▸ TRY IT: Restate word for word the lines below that run from the one holding "Audi 2022 Q5L" through the one holding "Born2be - Jasnobeżowy", inclusive. Pictures don't belong in the copy.

▸ RECORDS TO PROCESS:

────────────────

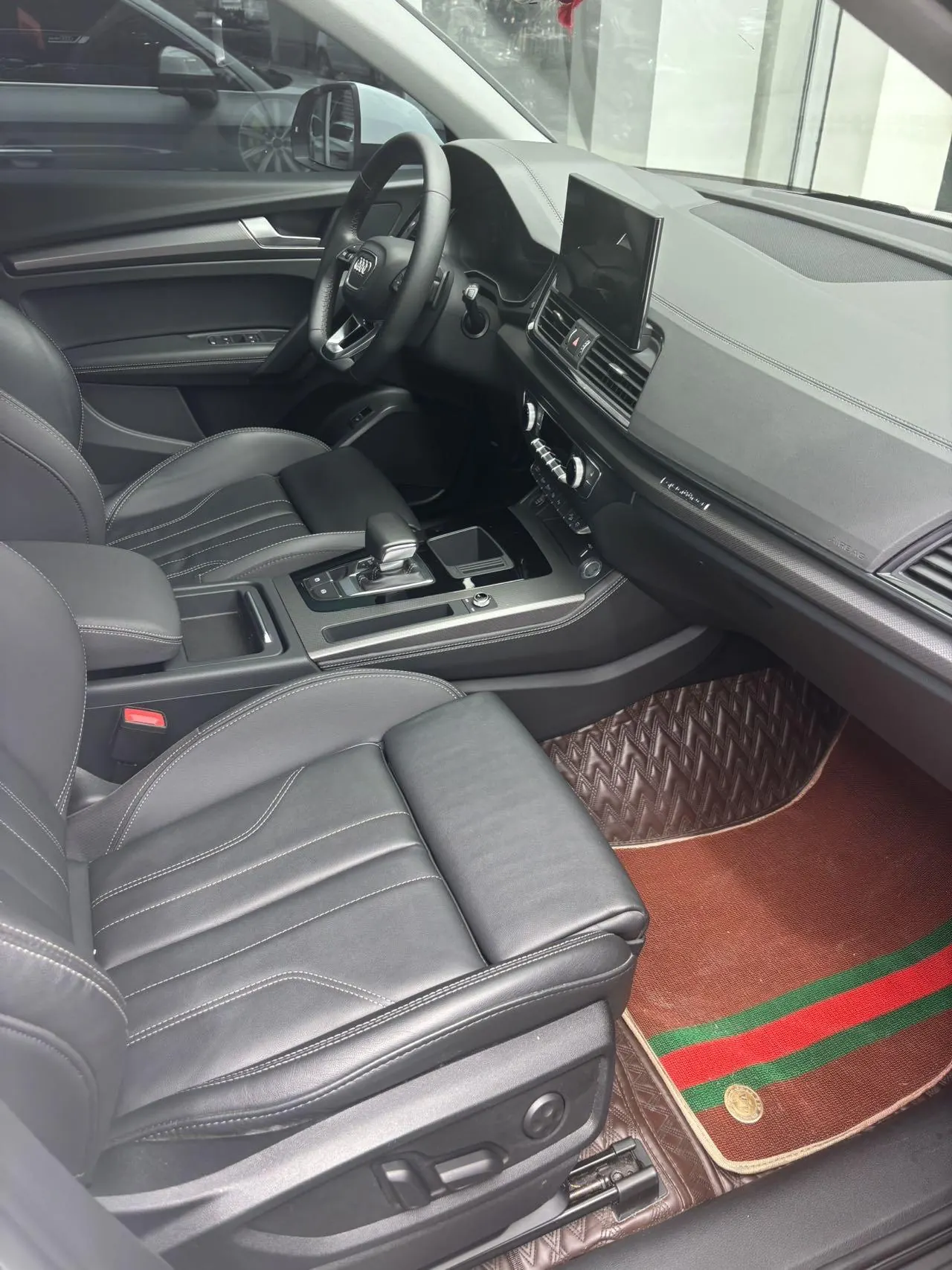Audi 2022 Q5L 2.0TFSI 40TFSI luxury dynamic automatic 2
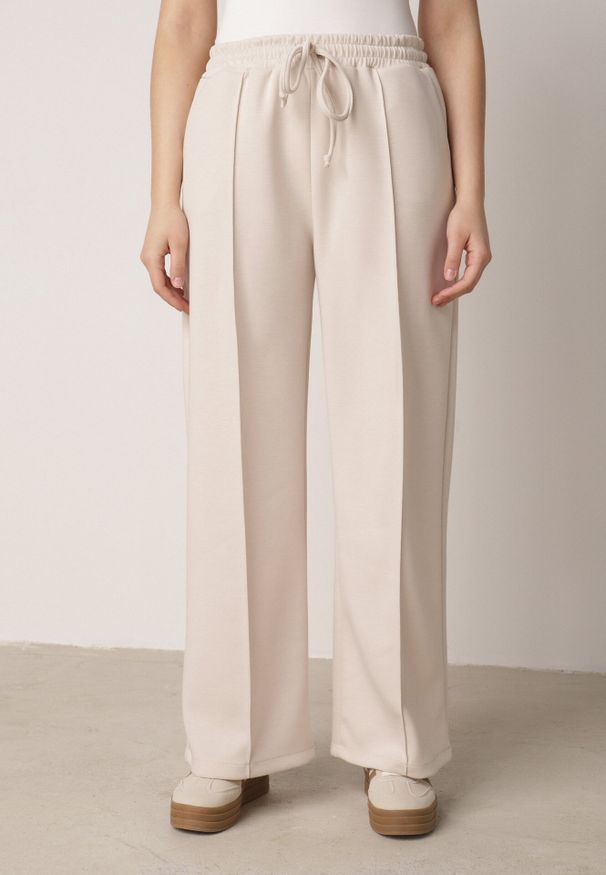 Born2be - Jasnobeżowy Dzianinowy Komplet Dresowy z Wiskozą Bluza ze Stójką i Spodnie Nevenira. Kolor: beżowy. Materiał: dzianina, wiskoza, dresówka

────────────────

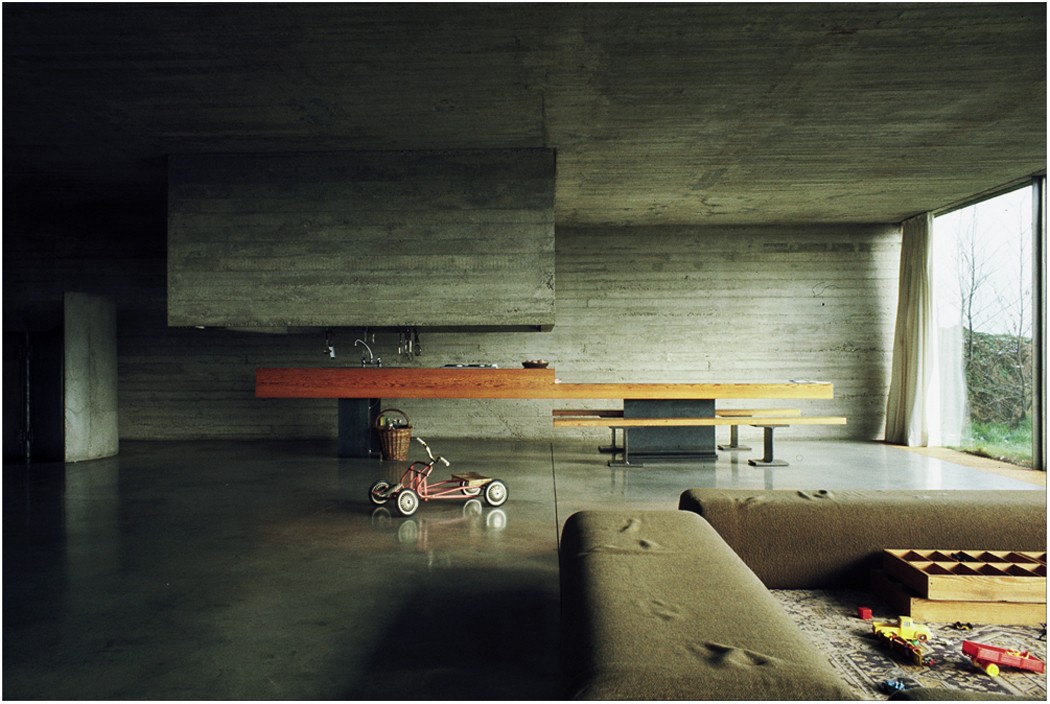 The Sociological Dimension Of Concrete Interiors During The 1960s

────────────────

▸ THE ANSWER:
Audi 2022 Q5L 2.0TFSI 40TFSI luxury dynamic automatic 2
 Born2be - Jasnobeżowy Dzianinowy Komplet Dresowy z Wiskozą Bluza ze Stójką i Spodnie Nevenira. Kolor: beżowy. Materiał: dzianina, wiskoza, dresówka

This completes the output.